» **Exercise details**
Beginning at the line that includes "this 1040×585 image.", print each remaining line of the data word for word. Output nothing else.

Provided information Start Marker

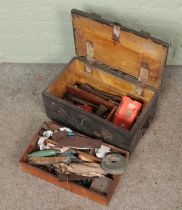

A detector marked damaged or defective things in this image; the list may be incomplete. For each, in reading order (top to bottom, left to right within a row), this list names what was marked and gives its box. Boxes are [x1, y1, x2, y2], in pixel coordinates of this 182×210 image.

rusty metal object [66, 85, 115, 110]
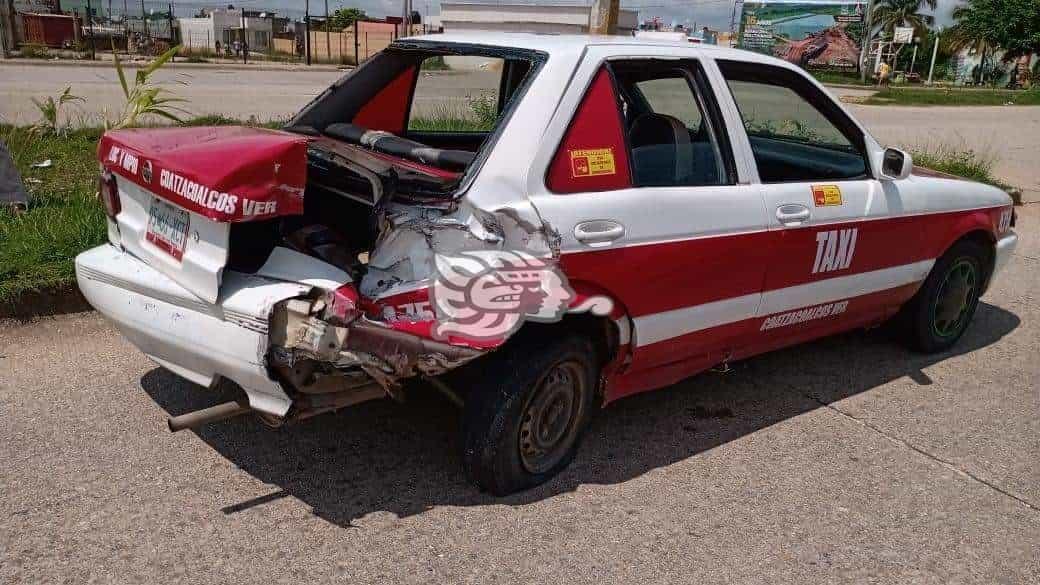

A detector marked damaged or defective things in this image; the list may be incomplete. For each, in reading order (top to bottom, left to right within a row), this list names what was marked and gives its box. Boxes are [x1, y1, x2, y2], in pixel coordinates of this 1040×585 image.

broken tail light [97, 171, 120, 219]
damaged taxi [76, 34, 1019, 493]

Provided information End Marker

» **Task answer**
A detector marked damaged or defective things in this image; the list may be incomplete. For each, in reading order (top to bottom, left to right within a row), this list names what was marked and gives its box. Boxes are [x1, y1, x2, y2], in pixel coordinates of this 1040×585 image.

broken tail light [97, 171, 120, 219]
damaged taxi [76, 34, 1019, 493]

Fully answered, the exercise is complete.